How to complete this task. Take the lines from the one with "MINI Hatchback 135kW" through the last line of the material below and write them out exactly, without any pictures.

Data below.
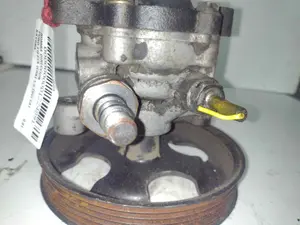 Foto de BOMBA DIRECCION FORD FIESTA (CBK) referencia KAYABA foto 1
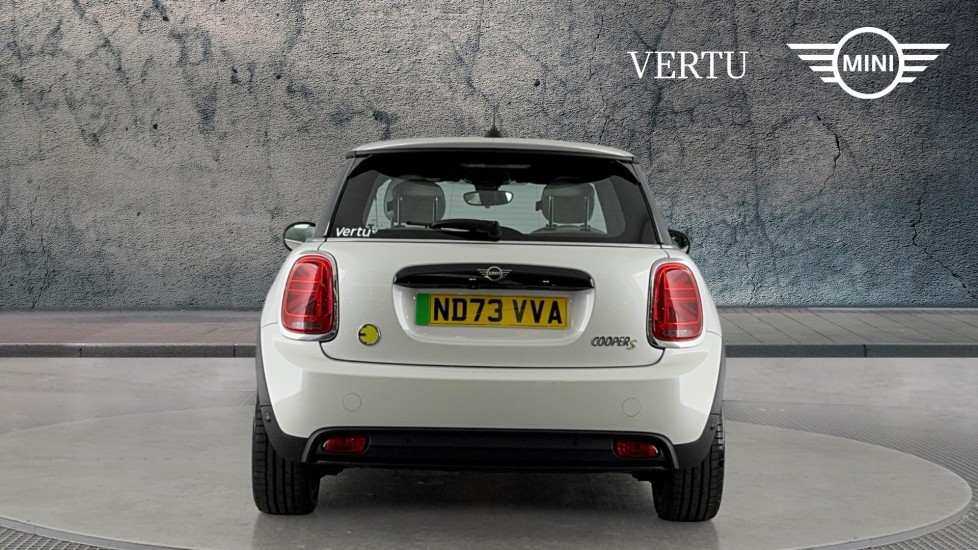 MINI Hatchback 135kW Cooper S Level 3 33kWh 3dr Auto Electric Hatchback - Image 15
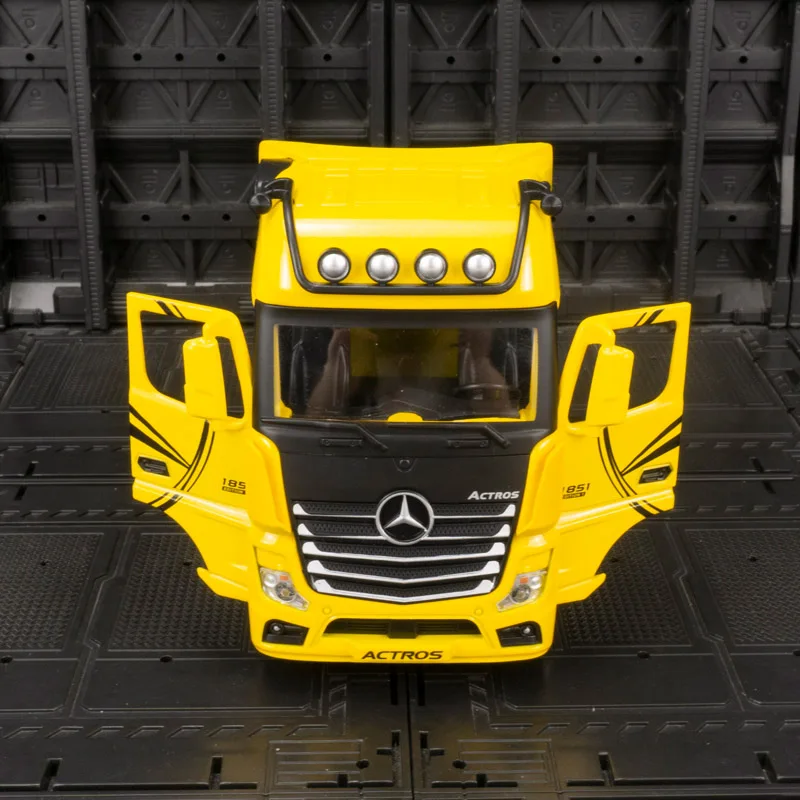 1: 36 simulation Mercedes Benz trailer head alloy car model with doors that can be opened, has sound and lighting functions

Worked solution.
 MINI Hatchback 135kW Cooper S Level 3 33kWh 3dr Auto Electric Hatchback - Image 15
 1: 36 simulation Mercedes Benz trailer head alloy car model with doors that can be opened, has sound and lighting functions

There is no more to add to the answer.